Country Faire

 

30 Years in a Housetruck

Page Eighteen: Country Faire

 

The next couple of weeks went on as before, we worked in the garden and got recruited for chores around Jeep and Kitty's property.

The acrimony over the use of the facilities at the rental trailer continued, so Woodley and I put additional effort into building a kitchen in my Housetruck. Since my RV refrigerator was functional on electric, we put it in the truck and started keeping snacks, juice and yogurt in it to relieve some of the pressure at the trailer.

If the beginning of June was heavy, the end was sublime. Saturday, the 29th, Sarge and Terri loaded us up into the truck to go out to the country for a festival, held each summer. We didn't know much about it, but were told it was like Eugene's Saturday Market, but held in the woods, and it went on for three days.

What the festival turned out to be was the Oregon Country Fair, known that year as the Oregon Country Renaissance Fair. We paid a modest admission fee, and were thrust into a completely different reality once inside. There were all manner of hairy freaks doing whatever they felt best at doing, playing music, making and eating amazing food, selling handmade crafts, performing juggling and slack rope walking, or just hanging out. Many of the fairgoers were dressed in fanciful costumes, political commentary was displayed openly, lots of beer got drank and the air had a particularly pungent aroma most everywhere you went. There was even a circus! I had found my tribe!

We spent most of the morning and early afternoon completely lost in the maze of footpaths winding among the trees, marveled at acoustic music at Shady Grove, got down loud and hard at the solar powered Main Stage, ate wonderful organic meals, and found ourselves a home at last.

Sarge and Terri had their fill by early afternoon, but Woodley and I wanted to stay a while, so they left without us, leaving us to our own devises to find our way home again.

Some time after that, I was walking along on the Left Bank, looking at crafts when I spotted something that interested me in the rear of a jewelry booth.
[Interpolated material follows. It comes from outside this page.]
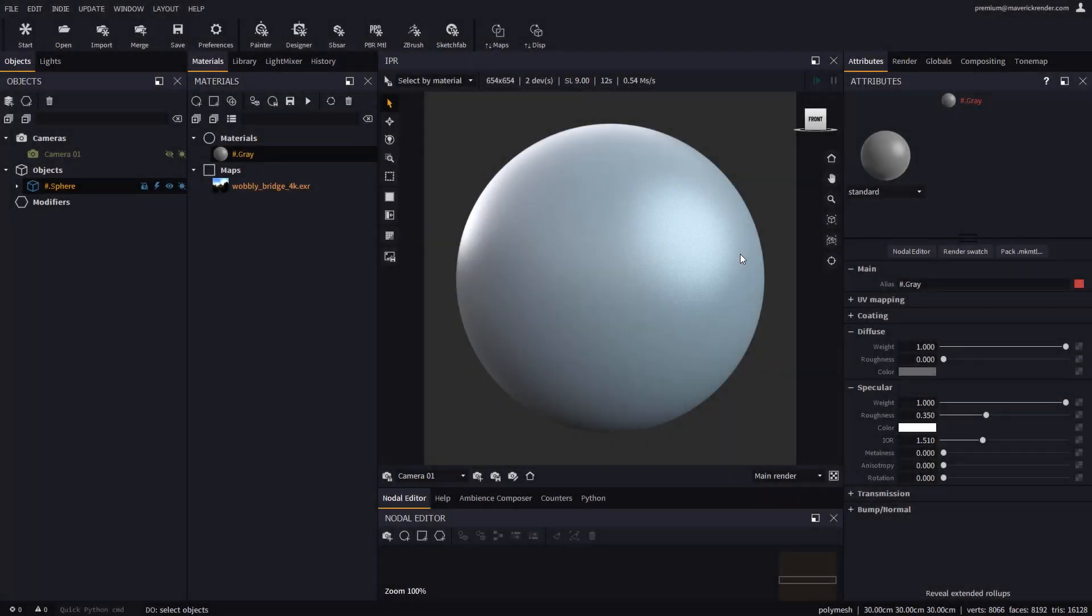Hello everyone, and welcome to this new video tutorial for Maverick Render. This video is an introduction to stickers in Maverick, which have been introduced in our most recent release.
The crafts displayed were earrings, bracelets, brooches and such, but what I inquired about was a small wood stove that had been imaginatively created from a 6 gallon water heater tank. The jeweler was from Coos Bay (whose name was Bill Gates, no kidding, but not THAT Bill Gates…) said that he did blacksmithing in the winter, and that he had brought the stove along to cook on, but that he might sell it to me. We settled on a price of $70, and I gave him a deposit, with the promise to return tomorrow, the last day of the fair, to pick it up.

Woodley and I made plans to return Sunday with my car to get the stove, but we probably would have come back for another day anyway, being at the Fair was like partying with family after months of feeling like we were restricted to a correctional facility of some sort.
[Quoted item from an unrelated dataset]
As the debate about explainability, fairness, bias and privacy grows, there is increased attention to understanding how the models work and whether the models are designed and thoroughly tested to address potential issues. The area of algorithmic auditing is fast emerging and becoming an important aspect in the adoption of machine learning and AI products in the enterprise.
We stuck our thumbs out at the exit gate of the parking lot and picked up a ride in short order, hopping into the back of an eastbound pickup truck for the ride home.
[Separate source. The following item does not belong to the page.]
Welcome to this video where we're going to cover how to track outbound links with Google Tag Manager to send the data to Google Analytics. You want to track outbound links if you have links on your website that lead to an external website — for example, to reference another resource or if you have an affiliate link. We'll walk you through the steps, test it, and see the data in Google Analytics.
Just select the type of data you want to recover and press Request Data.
Sunday we went back to Veneta with my car to get in another day's festing and pick up my new stove. While at the fair, we watched Moz Wright swallow swords and breathe fire and saw Avner the Eccentric conduct a collected audience of about a thousand people like an orchestra without ever uttering a word. Artis the Spoonman played his body in a frenetic dance that actually made melodies, and Reverend Chumleigh reigned over the circus at Chumleighland. The Flying Karamatzov Brothers juggled for the masses and performed Vaudeville skits while keeping an amazing array of seemingly unrelated objects in the air. Much good food was offered, and I was somewhat astounded to see a milk goat tethered in Kesey Park. When folks came out to the Fair with the family, they brought everyone along!

At some point Woodley and I bought a bunch of Queen Anne cherries, and got into a spontaneous cherry pit fight, eating the fruit as fast as possible, then using the pits as projectiles by squeezing between thumb and forefinger. About halfway through the battle, we realized that a crowd was gathering around to watch us, assuming that we were part of the scheduled entertainment. The cherries left semi-realistic red splotches when they hit, so it was kind of like a primitive paintball game.

Eventually, the day wore on, and we stopped by the jewelers booth to pick up my stove, carting it out the entrance and to the waiting car.

Back to town and the punishment farm, but with a new insight into what was possible in the way of alternate lifestyles here in our adopted home state.